# Exercise input:
-------
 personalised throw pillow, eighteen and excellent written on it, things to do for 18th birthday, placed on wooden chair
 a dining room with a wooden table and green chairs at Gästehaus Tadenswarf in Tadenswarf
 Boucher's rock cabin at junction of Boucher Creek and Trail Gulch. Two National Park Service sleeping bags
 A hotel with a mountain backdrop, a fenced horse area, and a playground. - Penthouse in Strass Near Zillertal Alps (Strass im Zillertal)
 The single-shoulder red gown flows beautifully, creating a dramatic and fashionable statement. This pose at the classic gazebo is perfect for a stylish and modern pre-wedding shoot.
-------
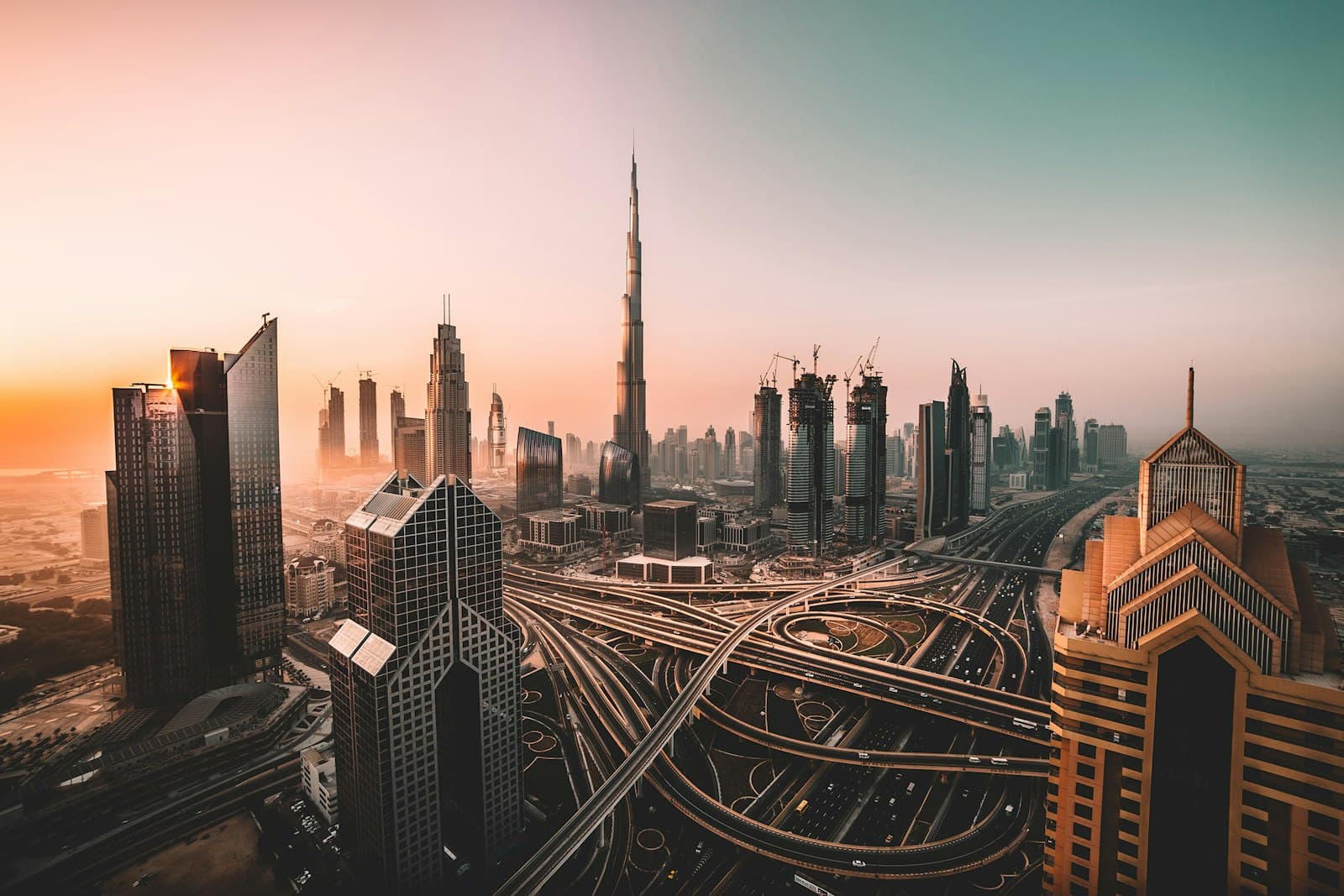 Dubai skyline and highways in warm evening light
-------
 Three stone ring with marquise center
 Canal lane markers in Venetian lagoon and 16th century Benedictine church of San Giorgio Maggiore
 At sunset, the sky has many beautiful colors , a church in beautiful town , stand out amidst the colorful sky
-------
# Your instructions:
In the entries above, find the line with "A hotel with" and the line with "The single-shoulder red", then set down exactly those two and every line between them, nothing else.

# The completed task:
 A hotel with a mountain backdrop, a fenced horse area, and a playground. - Penthouse in Strass Near Zillertal Alps (Strass im Zillertal)
 The single-shoulder red gown flows beautifully, creating a dramatic and fashionable statement. This pose at the classic gazebo is perfect for a stylish and modern pre-wedding shoot.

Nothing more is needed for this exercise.